Required action:
Quote only the span from the first line of the entries to the line containing "Coleção de pelúcias da Peppa pig.", both ends kept. Leave every picture out.
Data supplied below:
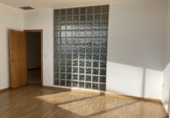Nave Industrial en venta con 201m² en Madrid, en la zona de Palomeras Sureste, avenida de la democracia, 28031 foto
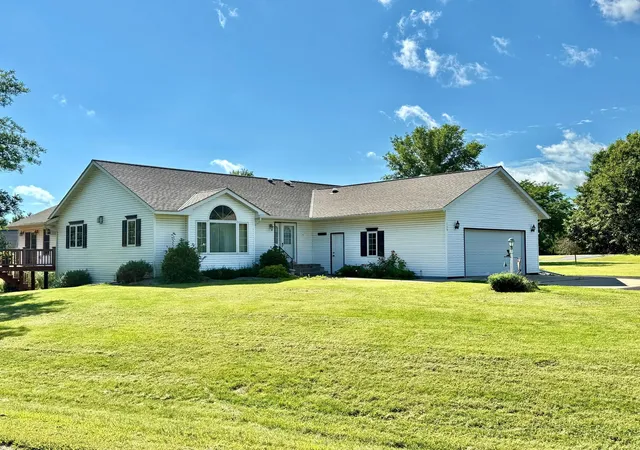 Homes for sale in Redwood Falls, MN | 115 Burr Oak Rd, Redwood Falls, MN 56283 | MLS# 6777153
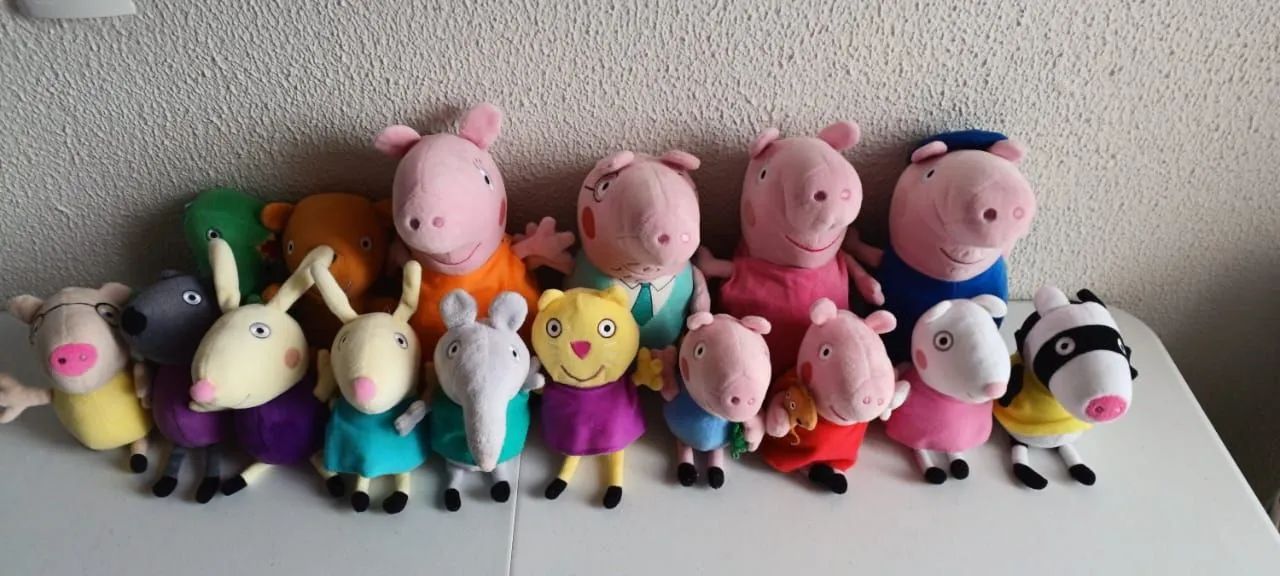 Coleção de pelúcias da Peppa pig.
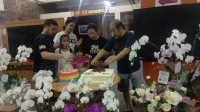KELUARGA Joger tampak memotong kue ulang tahun dalam puncak hari jadi Joger yang baru ke-40 serta hari pernikahan Mr. dan Mrs. Joger yang baru ke-40 + 2 tahun. Foto: alt KELUARGA Joger tampak memotong kue ulang tahun dalam puncak hari jadi Joger yang baru ke-40 serta hari pernikahan Mr. dan Mrs. Joger yang baru ke-40 + 2 tahun. Foto: alt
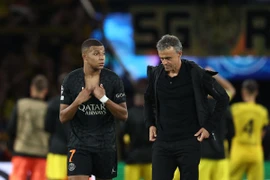 HLV Enrique tiết lộ cuộc sống của PSG không có Mbappe
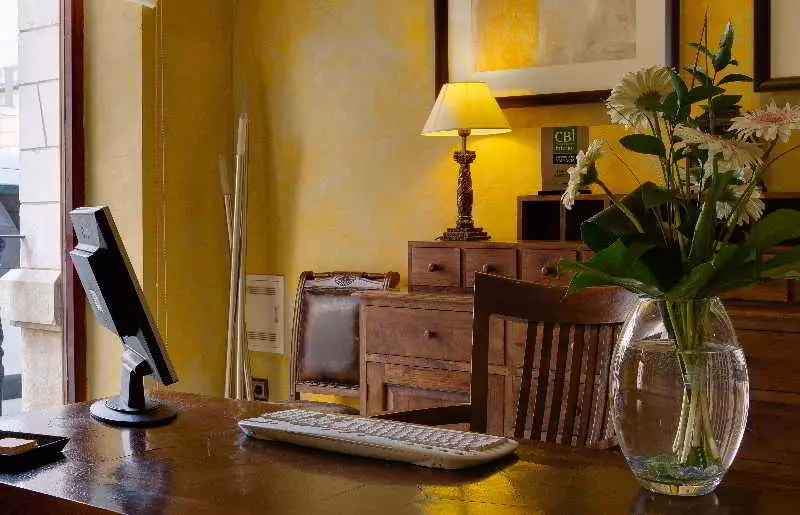 교외 호텔 L Agora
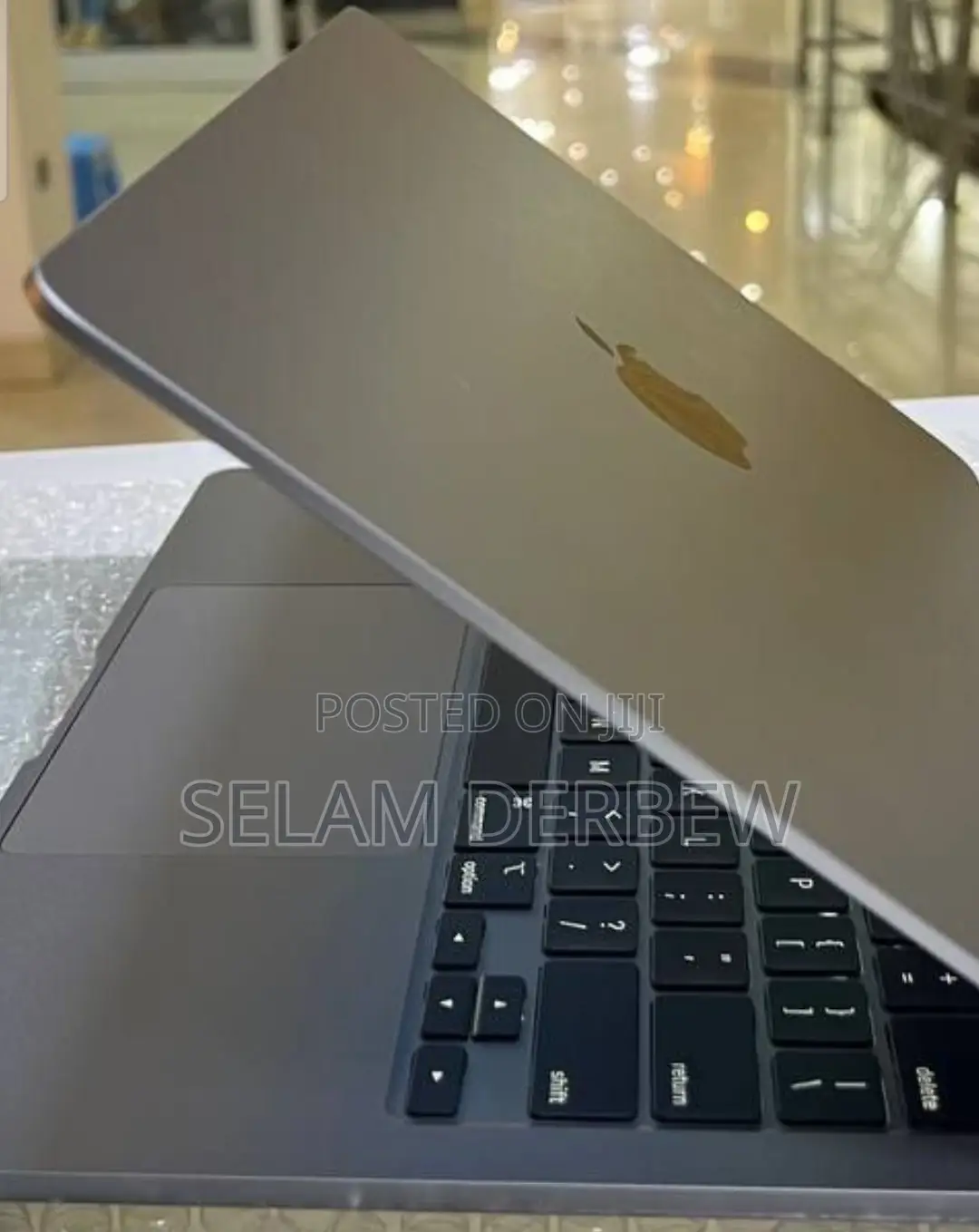 New Laptop Apple MacBook Air 2022 M2 8GB Apple M2 SSD 256GB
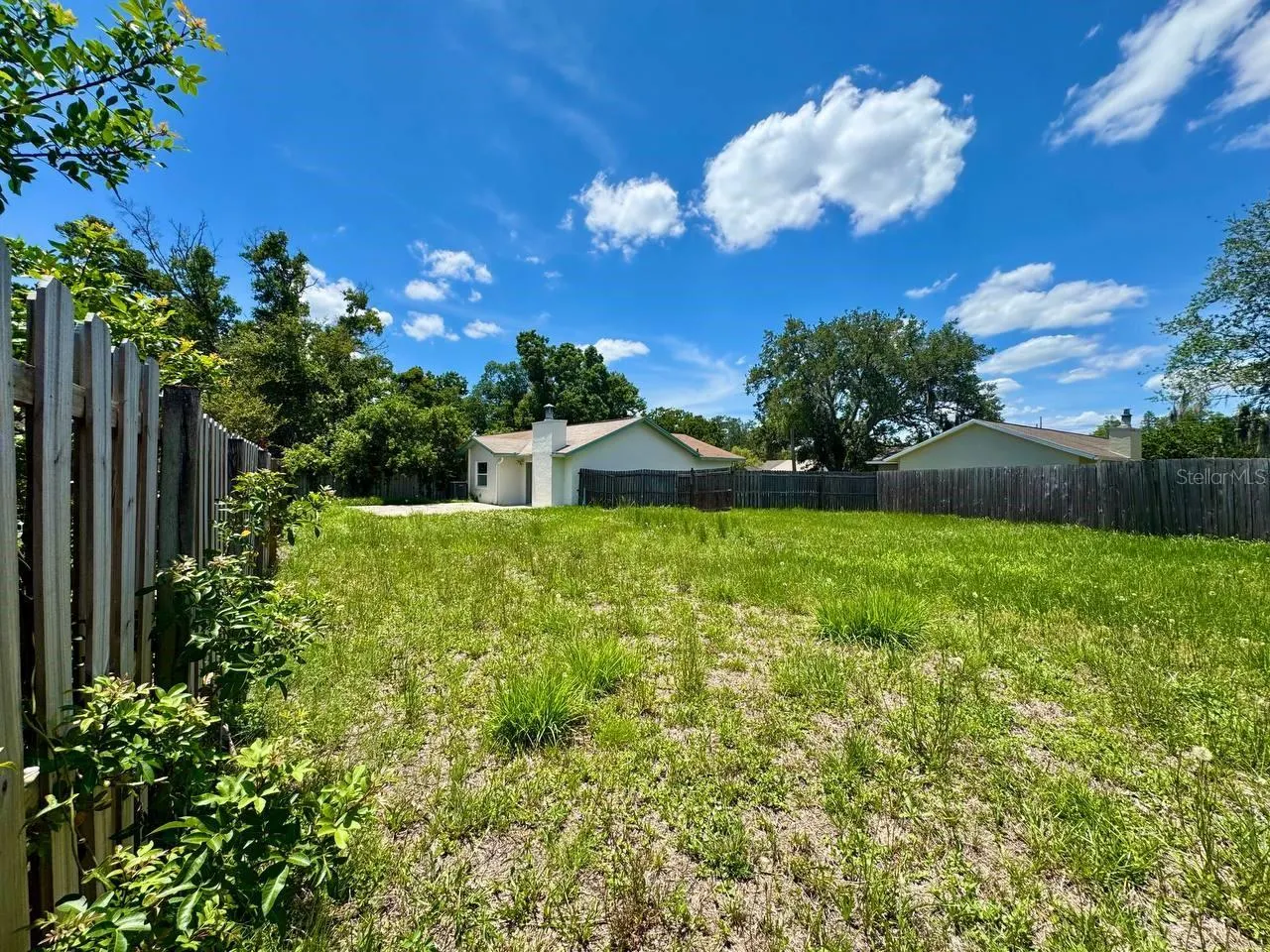 5102 LAWNTON CT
End of Data supplied.
Result of the exercise:
Nave Industrial en venta con 201m² en Madrid, en la zona de Palomeras Sureste, avenida de la democracia, 28031 foto
 Homes for sale in Redwood Falls, MN | 115 Burr Oak Rd, Redwood Falls, MN 56283 | MLS# 6777153
 Coleção de pelúcias da Peppa pig.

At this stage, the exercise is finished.